Por mais que eu corra da sensação, é difícil evitar. No final do ano, nos dezembros já com pés na segunda quinzena, não são apenas as faturas do cartão de crédito que aumentam.

A sensação de que em breve será diferente, de que a lista de desejos terá itens diversos ticados; de que a palidez das paixões e o claustro onde reside minha imaginação ganharão cores e janelas abertas... A sensação persiste, nem sei se por mau hábito ou falta do que colocar no lugar.

E a sensação é voraz, bicho faminto e vai me comendo por dentro. E enquanto dói de despreparo para o novo, ainda que seja o ano, aproveita para arar a esperança que guardo comigo, companheira de avessos.

Dezembros me fazem sentir puxada pelos braços, sendo partida em duas essas tantas outras que já sou e há tanto tempo. Porque além do ano que finda e o que chega, eu ganho tempo, um tempo chamado férias, que deveria ser de sombra e água fresca, de diversão desembestada, mas que sempre é do refletir, do interiorizar, do engolir a seco. E, graças, também é dos discos, dos livros e dos filmes.
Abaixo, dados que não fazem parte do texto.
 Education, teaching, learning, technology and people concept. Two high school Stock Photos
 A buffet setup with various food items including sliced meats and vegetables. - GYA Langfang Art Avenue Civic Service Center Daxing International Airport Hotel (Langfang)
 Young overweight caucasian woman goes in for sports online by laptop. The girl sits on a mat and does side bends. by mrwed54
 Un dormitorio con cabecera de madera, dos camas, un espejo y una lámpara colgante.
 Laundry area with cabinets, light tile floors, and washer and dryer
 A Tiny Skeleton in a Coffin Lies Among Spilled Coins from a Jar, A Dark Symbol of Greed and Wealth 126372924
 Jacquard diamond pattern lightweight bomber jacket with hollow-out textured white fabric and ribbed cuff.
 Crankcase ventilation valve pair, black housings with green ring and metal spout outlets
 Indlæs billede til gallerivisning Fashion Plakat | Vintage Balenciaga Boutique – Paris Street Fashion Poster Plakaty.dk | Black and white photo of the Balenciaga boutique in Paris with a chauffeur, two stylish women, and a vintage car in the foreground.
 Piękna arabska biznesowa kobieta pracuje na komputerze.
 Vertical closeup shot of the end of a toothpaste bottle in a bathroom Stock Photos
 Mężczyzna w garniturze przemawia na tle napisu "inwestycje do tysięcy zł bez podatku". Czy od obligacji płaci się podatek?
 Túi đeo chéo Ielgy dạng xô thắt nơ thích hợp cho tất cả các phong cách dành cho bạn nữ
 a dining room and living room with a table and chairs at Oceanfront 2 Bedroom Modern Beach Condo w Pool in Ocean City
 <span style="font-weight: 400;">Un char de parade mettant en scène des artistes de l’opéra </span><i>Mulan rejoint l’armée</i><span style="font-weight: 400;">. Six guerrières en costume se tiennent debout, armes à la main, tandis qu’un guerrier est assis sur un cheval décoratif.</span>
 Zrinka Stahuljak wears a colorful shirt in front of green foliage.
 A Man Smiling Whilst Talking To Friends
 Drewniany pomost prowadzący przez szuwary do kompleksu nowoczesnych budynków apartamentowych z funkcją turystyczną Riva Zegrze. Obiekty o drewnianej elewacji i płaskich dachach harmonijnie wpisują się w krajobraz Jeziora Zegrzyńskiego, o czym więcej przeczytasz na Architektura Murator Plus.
Dezembros e suas segundas quinzenas são efeito colateral de uma rotina ancestral, com duração apontada por calendário. É quando repensamos o que fizemos, mas com a permissão de recomeçarmos junto com os janeiros. Esse é um sentimento coletivo. Agora, o que sentimos pelos janeiros já é particular, tem a ver com a realidade autoral, as circunstâncias criadas a partir dos desejos de dezembro, onde tentamos plantar certo esquecimento pelos outros dez meses do ano, mesmo sabendo ser impossível.

Há bálsamo nesse esquecimento desajustado.

A verdade é que eu adoro julhos... Julhos me encantam de um jeito que nem sei. É a estação que chegou há pouco e já está mais acolhedora no julho. Fevereiros sabotam a quietude necessária para que eu continue ensimesmando e ruminando minhas ideias sem pé nem cabeça.

Março?

Eu poderia falar sobre o que sinto por todos os meses do ano, até mesmo por um ano inteiro de determinada década da minha vida, mas olha que estamos em dezembro... Segunda quinzena... Inquietação demais me impede de traçar um calendário particular. Janeiro de ano que vem despontando... E férias! Nada a fazer com tanto em pauta.

Quem não sofre da síndrome do dezembro chegando ao janeiro que atire o primeiro calendário.


www.carladias.com

Comentários

Unknown disse…
Eu adoro o clima de dezembro, embora, para mim, sempre tenha um toque de melancolia e nostalgia. Mas é só romper o ano novo que tudo passa.
Carla Dias disse…
Fernanda... Nesta crônica, dezembro é apenas uma metáfora para o tempo que passamos a repensar sobre quem somos e em quem gostaríamos de nos tornar, ou se este é um desejo válido, crentes de que podemos agarrar um recomeço: o janeiro. Acho que a melancolia e a nostalgia fazem parte desse período. Mas como você disse, basta chegar o ano novo e a gente entra novamente no clima das descobertas. E isso é bom...
Gostei do humor, Carla. :) Boas férias, com múita música, letras e vídeos.